Practical checklist for your own run
- Confirm jurisdiction is Hawaii (US-HI)
- Enter the alleged underpayment start and end dates
- Enter the trigger date (date the issue is raised)
- Input monthly target amounts and monthly actual amounts
- Verify that the SOL basis shown by the tool is the general/default 5-year period (because no claim-type-specific sub-rule was found)
Sensitivity check
This example is designed to show what changes the result most: (1) the SOL boundary (trigger date) and (2) the monthly shortfall (actual vs. target payments).
1) Change the trigger date by ~6 weeks
- Original trigger date: March 15, 2024
- New trigger date: May 1, 2024
With a 5-year window, the lookback start shifts from about March 15, 2019 to about May 1, 2019.
Expected impact in this example:
- You may exclude 1 additional month near the boundary.
- With a monthly combined shortfall of $150, that implies approximately −$150 from the SOL-bounded total.
So the total might move from:
- $4,950 → about $4,800 (directionally; exact value depends on how the calculator allocates partial months around boundary dates).
2) Change only actual child support paid
Keep dates fixed, but update:
- Child support actually paid: $1,100 / month (instead of $1,050)
- New child support shortfall: $1,200 − $1,100 = $100 / month
- Included months: still 33 months (SOL window unchanged)
Recompute total inside SOL window:
- $100 × 33 = $3,300
Expected impact:
- Total decreases by $1,650, which matches the reduction in monthly shortfall ($150 − $100 = $50) times 33 months.
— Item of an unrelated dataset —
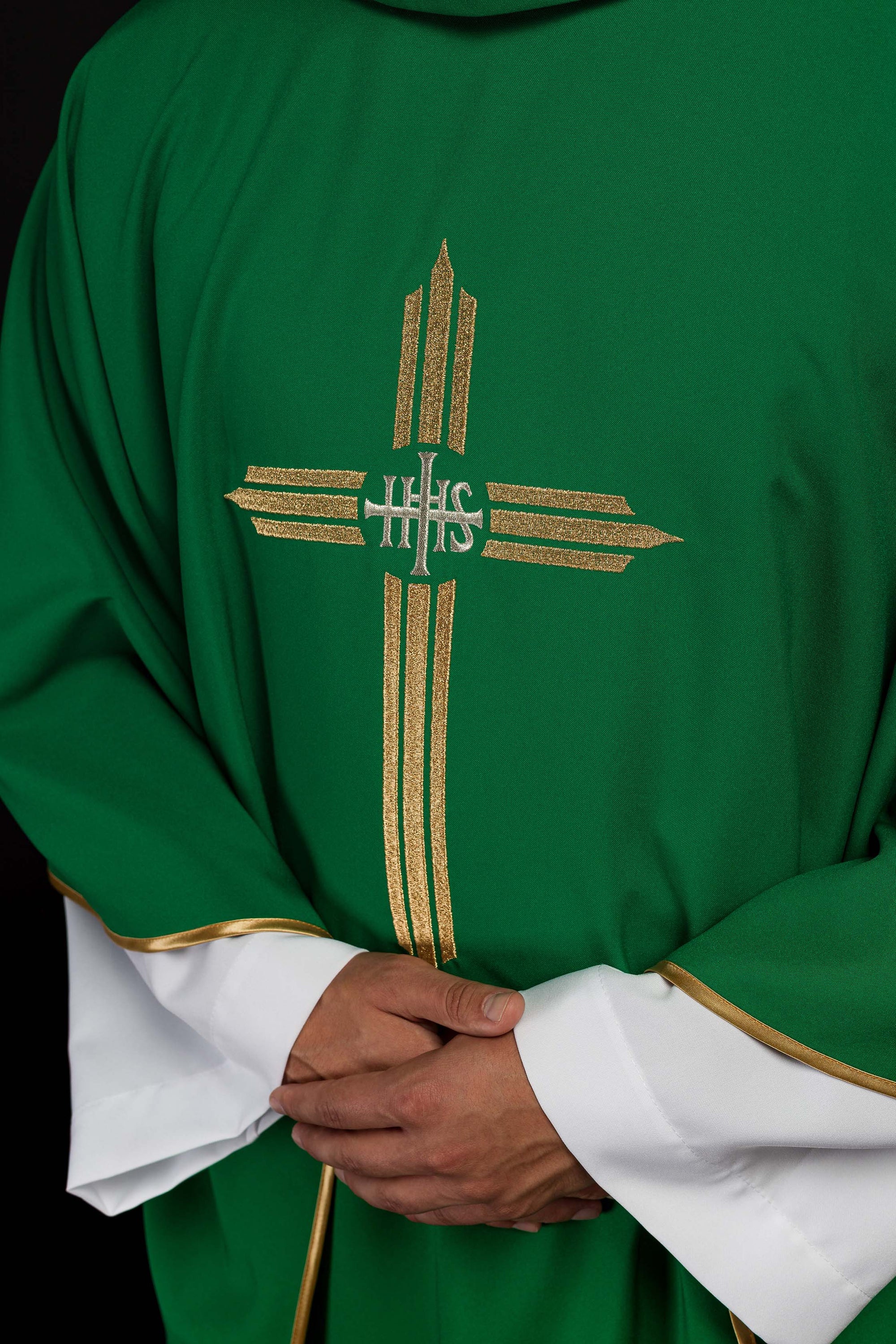 Green embroidered chasuble with IHS Cross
3) Introduce an alimony underpayment
Now assume alimony was also short:
- Alimony actually paid: $350 / month (instead of $400)
- Alimony shortfall: $400 − $350 = $50 / month
- Monthly combined shortfall becomes: $150 (child) + $50 (alimony) = $200 / month
- Included months: still 33 months
Total inside SOL window:
- $200 × 33 = $6,600
Expected impact:
- Total increases by $1,650 relative to the original case, because you add $50/month across 33 included months.
Bottom-line sensitivity takeaway
- The SOL window mainly controls how many months are counted.
- The payments control the monthly shortfall, which scales the total.
- Together, these determine the SOL-bounded arrears figure DocketMath reports.